**DIRECTIONS FOR THIS TASK**
The lines below from the one with "Medline Standard Roll Paper Towels" up to and including the one with "2010 Toyota Prius III" are what you should set down, exactly and without pictures.

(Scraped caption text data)
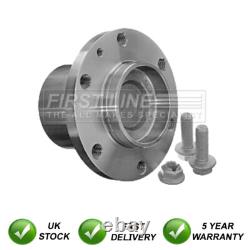 Wheel Bearing Kit Front SJR Fits VW Crafter 2006-2016 Mercedes Sprinter 2006- #1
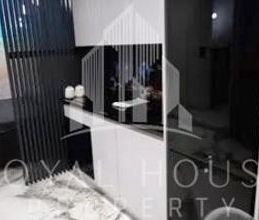 Studio/Γκαρσονιέρα για ενοικίαση - Γλυφάδα, - Photo 5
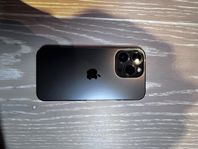 iPhone 13 PRO 128gb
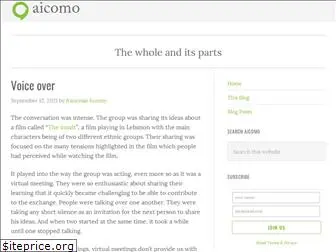 aicomo.com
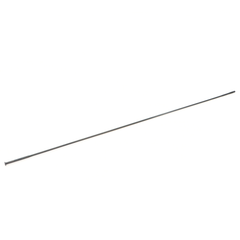 Spoke 2.0/1.7 279 EC90SL Front/NDS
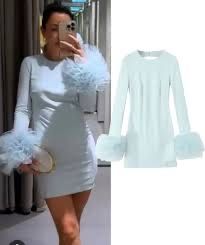 Сукня в стилі Zara розмір M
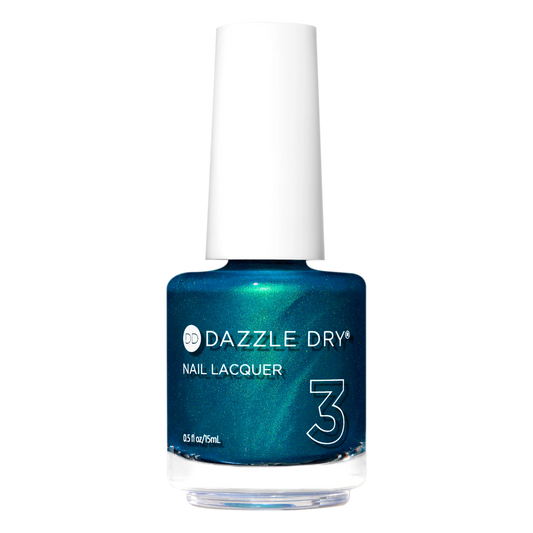 Dazzle Dry Australia & New Zealand SPEED BOAT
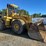 caterpillar-980c-image-6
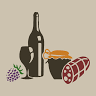 La Bottega dell'Agriturismo La Torrazza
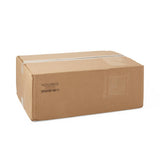 Medline Standard Roll Paper Towels
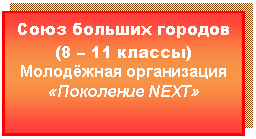 �������:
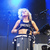 See how Ellie Goulding uses Electro-Voice EV RE27 N/D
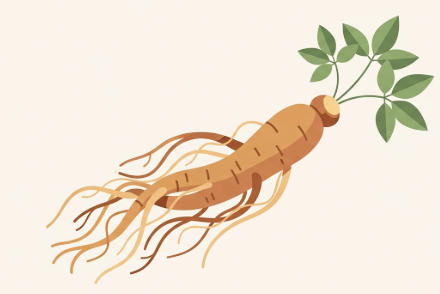korean-ginseng-cognitive-health.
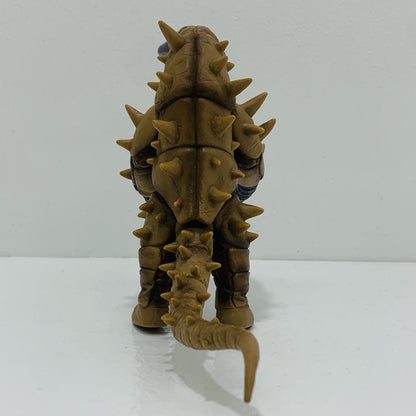Underground Monster Gudon "Ultraman Mebius" Ultra Monster Series 200602 [Figure]
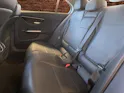 Mercedes-Benz C 180 Avantgarde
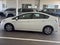 2010 Toyota Prius III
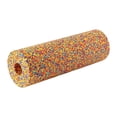 thumbnail image 2 of Ethern Foam Roller Balance and Core Exercises Equipment Practical Compact Muscle Roller, 2 of 9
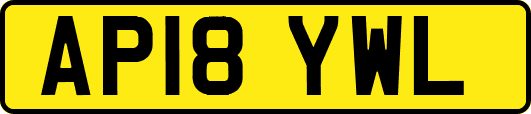 AP18YWL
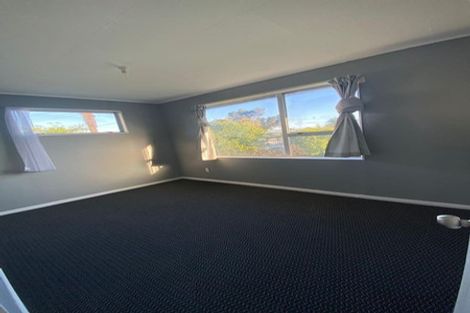 Photo of property in 42 Wakefield Road, Favona, Auckland, 2024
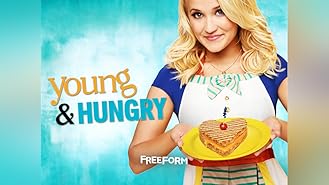 Cheryl Hines Biofilmografia Cheryl ruth hines was born on september 21, 1965 in miami beach, florida, to rosemary (graham) and james hines, and grew up in tallahassee, florida. cheryl hines biofilmografia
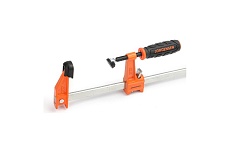 Струбцина Pony Jorgensen F-образная Medium-duty 762 мм 3730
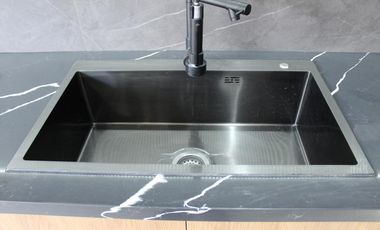 Casa en VENTA P. Colima Calle Comala L. de Angelópolis Cholula Puebla.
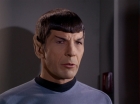 Filename=ariane179254_StarTrek_2x10_TheJourneyToBabel_2120.jpg
Filesize=73KiB
Dimensions=1440x1080
Date added=Jun 27, 2015 ariane179254_StarTrek_2x10_TheJourneyToBabel_2120.jpg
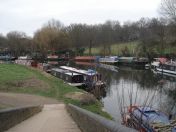 14.jpg - 2009:02:28 16:13:59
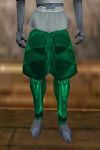 Squalid Leggings Minalim Live.jpg
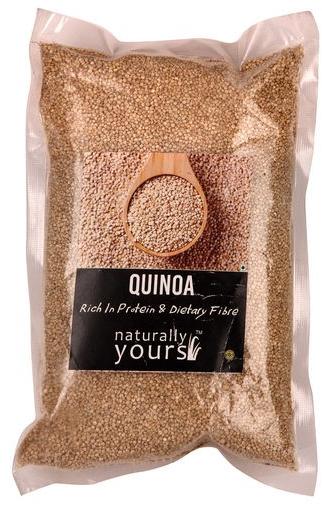 Organic Quinoa Grain- 500g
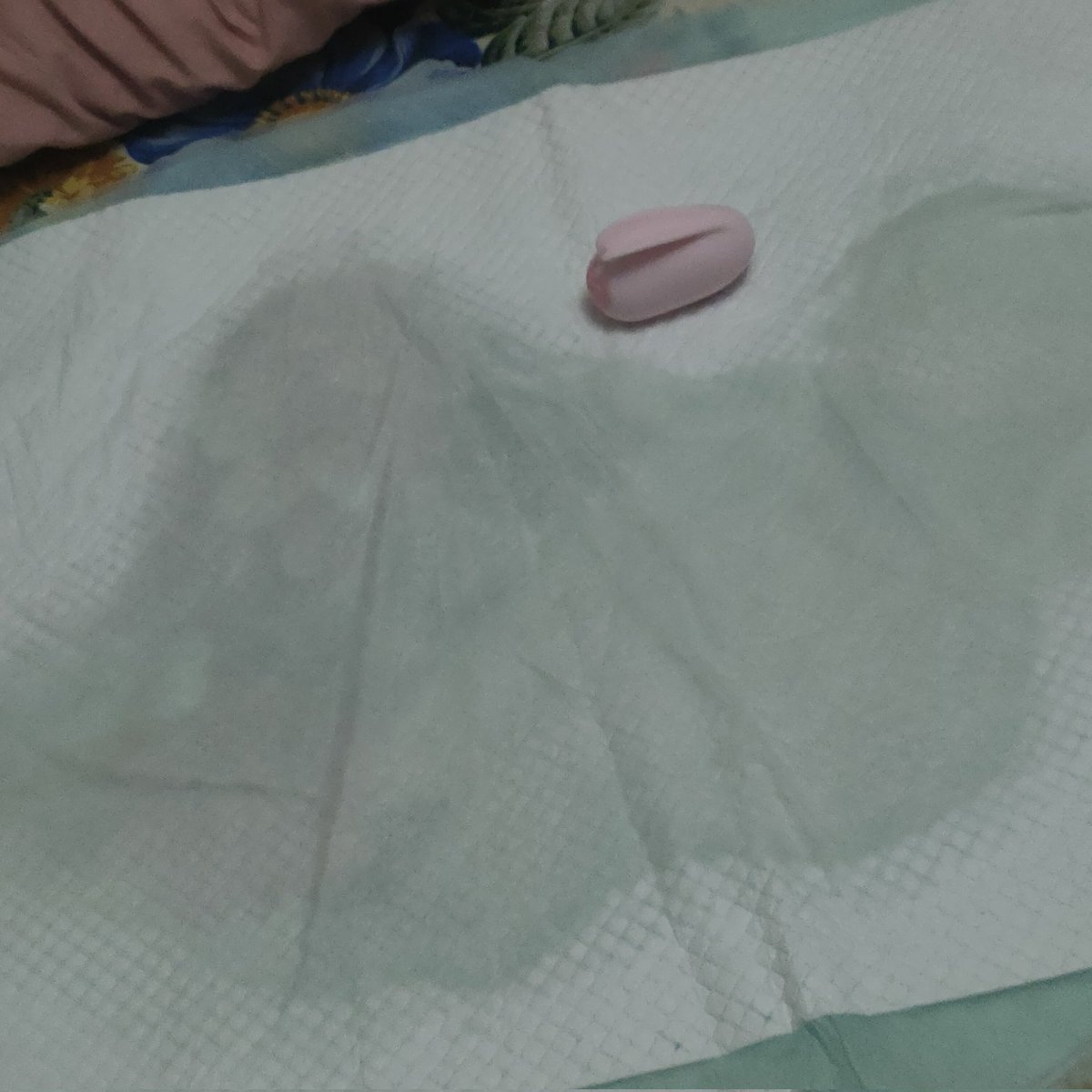 你是一只可爱的小🐰

<a href="/yyhorsechen/">YYHORSE</a>
tb：歪歪马旗舰店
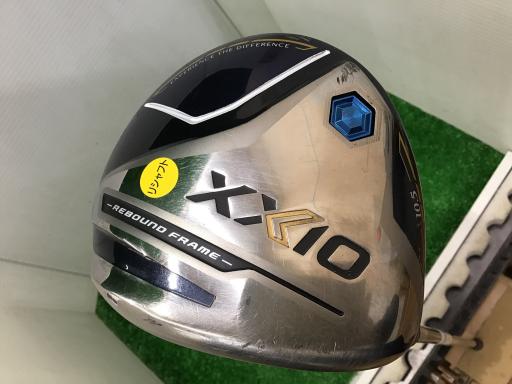 wwhniQOQQj@PODT°@teB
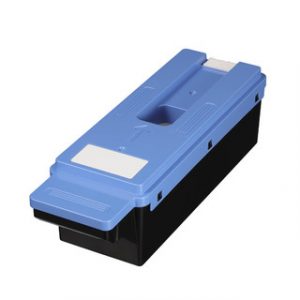 CANON MAINTENANCE CARTRIDGE MC 30 – Image 1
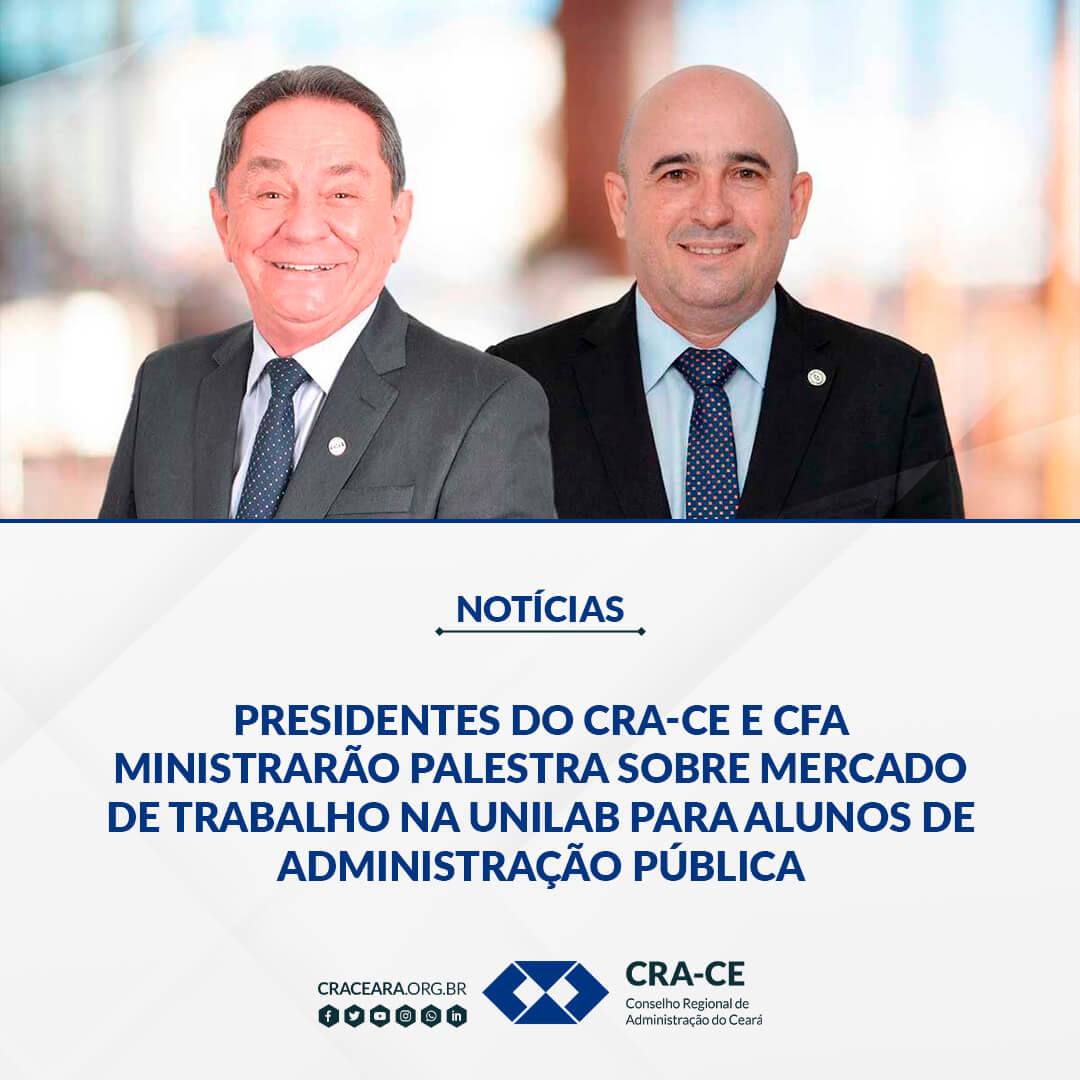 2023-03-23-presidentes-do-cra-ce-e-cfa-ministrarao-palestra.jpg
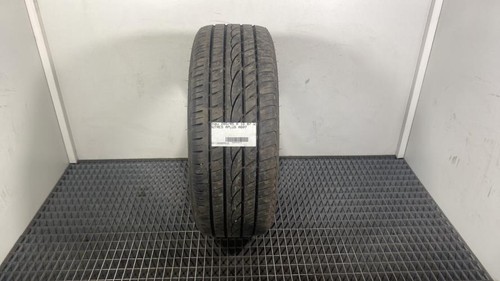 Pneu 205 r16 w autres - pneu,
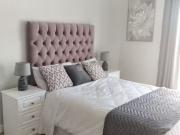 Rental! 202 Upper Salthill, Galway, Salthill, Co. Galway...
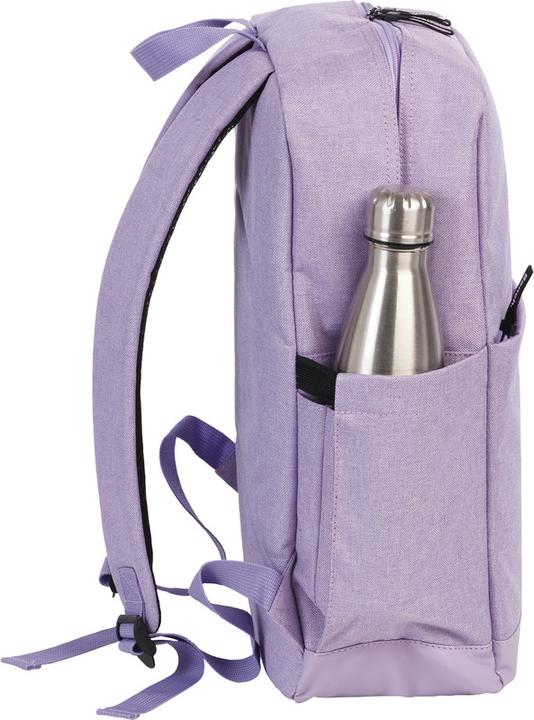 Produktbild Bench Rucksack Classic Cube (16 l)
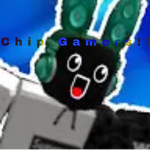 Admin Group For Asssassin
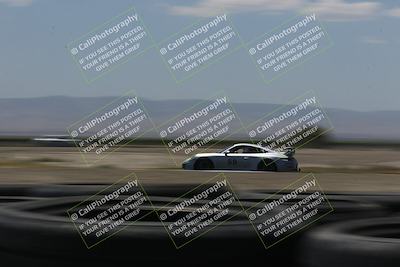 media/May-10-2025-Light Speed Track Events (Sat) [[c99cd30d1b]]/Green Group/Turn 9/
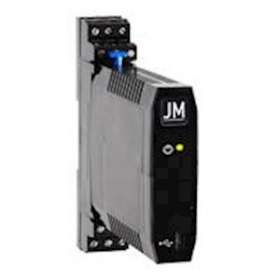 Convertisseur numérique alimentation universelle, triple isolation 3750Vac|Jm concept-JMTEOLIS6000T0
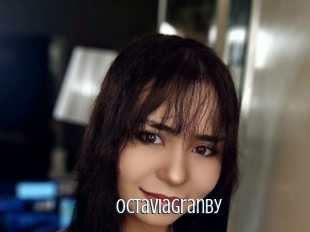 Octaviagranby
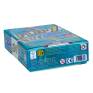 Imagen del producto  8437027027369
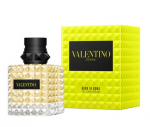 Valentino Donna Born In Roma Yellow Dream Perfume EDP 30ml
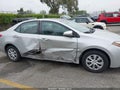 2015 Toyota Corolla — photo 6 of 17 | VIN 5YFBURHE0FP223073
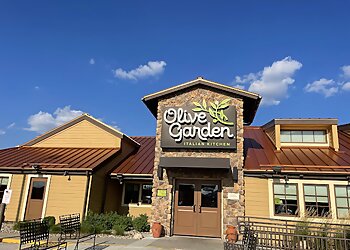Omaha Italian Restaurants Olive Garden Italian Kitchen Omaha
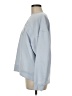 Calvin Klein Performance Blue Sweatshirt Size M - photo 5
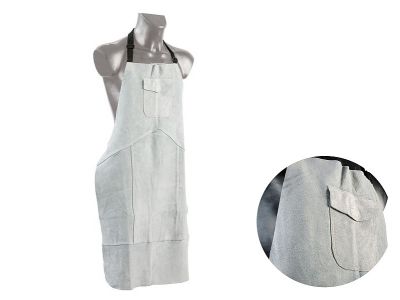 Trafimet grembiule crosta KROZ-110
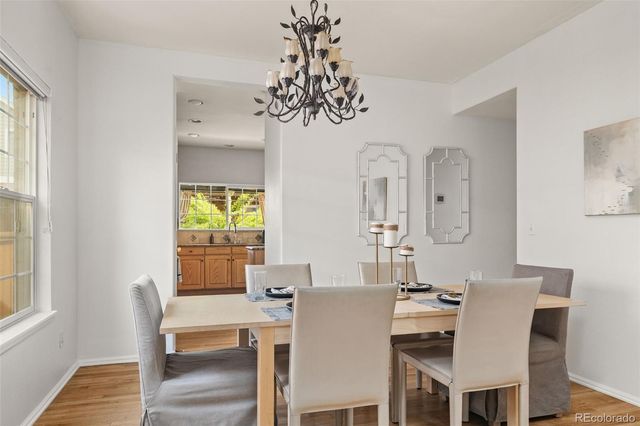 7304 E Cedar Avenue, Denver, CO 80230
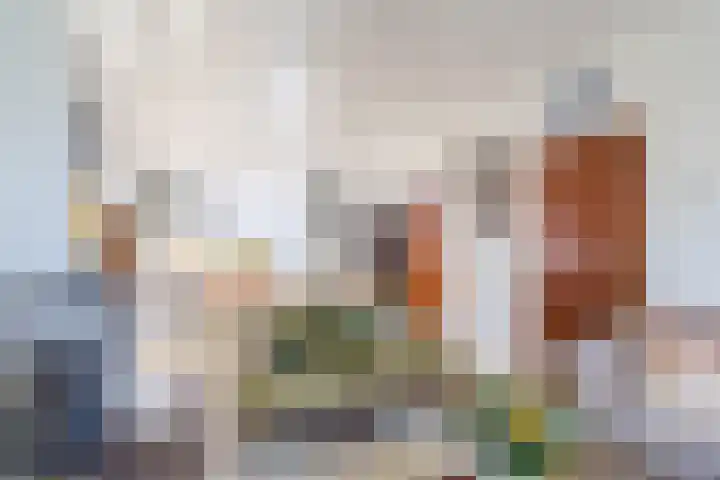 Prins Willem Alexanderln 30 Westmaas thumbnail 6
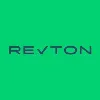 REVTON REVTON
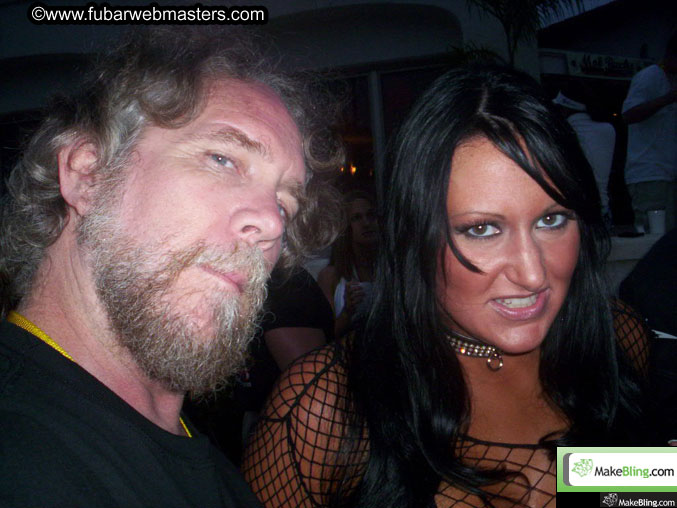 The Players Ball 2005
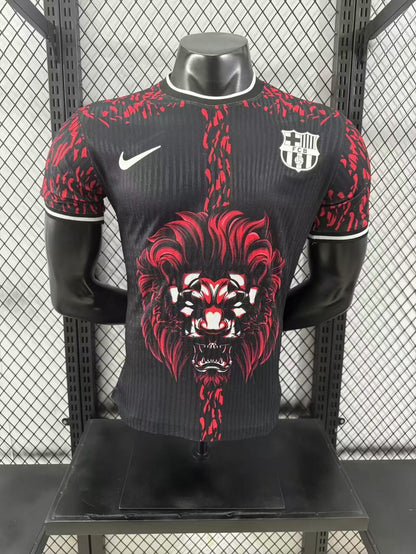 MAILLOT CONCEPT FC BARCELONE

**TASK ANSWER**
 Medline Standard Roll Paper Towels
 �������:
 See how Ellie Goulding uses Electro-Voice EV RE27 N/D
korean-ginseng-cognitive-health.
Underground Monster Gudon "Ultraman Mebius" Ultra Monster Series 200602 [Figure]
 Mercedes-Benz C 180 Avantgarde
 2010 Toyota Prius III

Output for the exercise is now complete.